Book at least 3–4 weeks ahead. FRANZ holds a Michelin star and opens only four evenings a week (Wednesday to Saturday), which compresses availability fast. Weekend slots — Friday and Saturday from 6 PM — fill first, so midweek is your best shot at shorter notice.
The venue database does not confirm a bar-seating option. The format is a surprise tasting menu of four, five, or six courses in a bistro-style room with an open kitchen — it reads as table-only dining. check the venue's official channels before assuming bar walk-in availability.

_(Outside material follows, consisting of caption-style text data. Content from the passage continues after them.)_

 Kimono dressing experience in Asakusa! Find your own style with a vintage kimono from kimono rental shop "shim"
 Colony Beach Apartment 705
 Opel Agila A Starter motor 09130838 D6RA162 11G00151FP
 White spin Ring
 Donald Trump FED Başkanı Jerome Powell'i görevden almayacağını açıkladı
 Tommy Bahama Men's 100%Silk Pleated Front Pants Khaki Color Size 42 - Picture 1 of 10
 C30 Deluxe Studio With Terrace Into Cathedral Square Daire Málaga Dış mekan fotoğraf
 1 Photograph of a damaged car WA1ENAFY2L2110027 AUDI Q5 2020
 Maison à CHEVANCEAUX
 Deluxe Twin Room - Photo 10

The inner-courtyard bistro setting and surprise-menu-only format suggest this works better for small parties of two to four than for larger groups. No private dining room is confirmed in the venue data. If you're planning for six or more, check directly — the fixed-course structure limits flexibility for mixed dietary requirements at scale.
Dinner is your only option — FRANZ operates Wednesday to Saturday from 6 PM to 11:30 PM exclusively. There is no lunch service. If your schedule is tight, that four-day window is the main planning constraint to build around.
Keep this venue in your Pearl passport, rate it after you visit, and track it alongside every other place you collect.